> [Exercise directions]: Everything in the listing below from the line containing "玄人志向 USB3.0E-P2-PCIE (USB3.0E-P2-PCIE)画像" through the line containing "34 Marlene Stewart" must be repeated exactly; the remaining lines are not wanted.
##### Data shown #####
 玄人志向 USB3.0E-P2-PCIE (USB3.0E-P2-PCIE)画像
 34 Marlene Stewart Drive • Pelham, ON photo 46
#####
##### Data shown #####
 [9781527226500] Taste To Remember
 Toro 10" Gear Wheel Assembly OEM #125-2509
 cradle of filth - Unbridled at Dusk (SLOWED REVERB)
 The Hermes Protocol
#####
##### Data shown #####
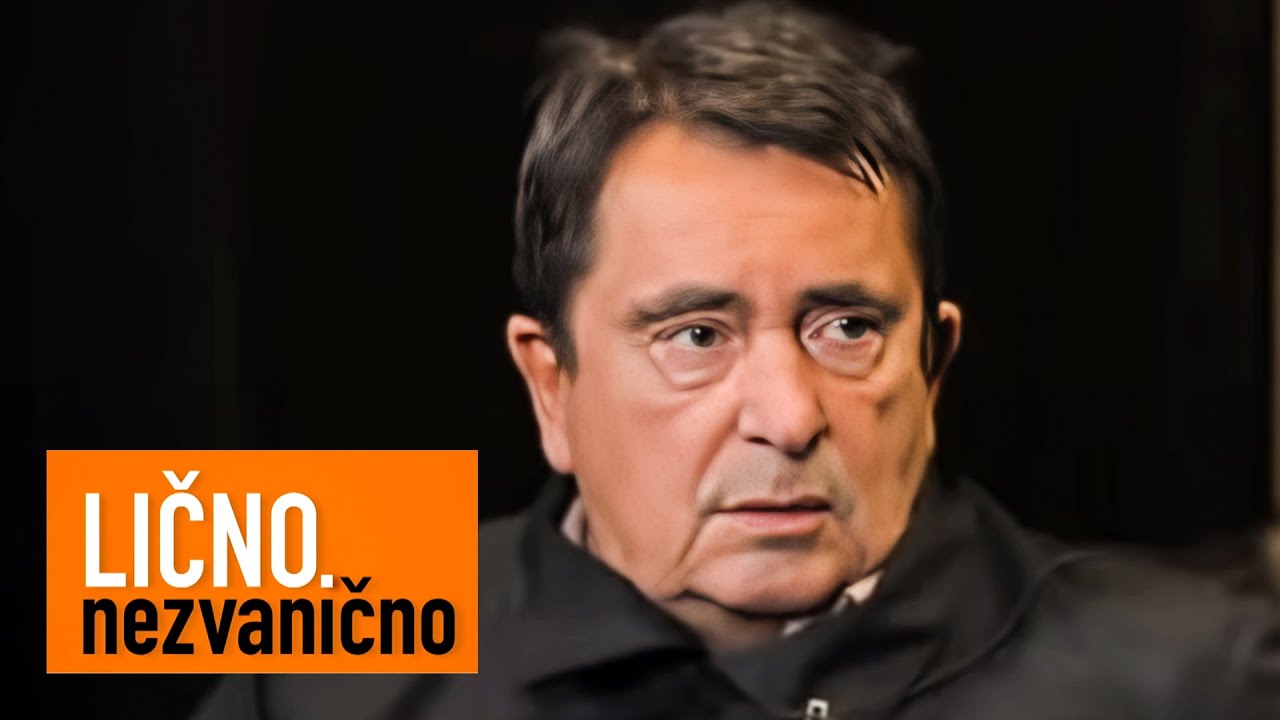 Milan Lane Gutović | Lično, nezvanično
#####
> [Written answer]:
 玄人志向 USB3.0E-P2-PCIE (USB3.0E-P2-PCIE)画像
 34 Marlene Stewart Drive • Pelham, ON photo 46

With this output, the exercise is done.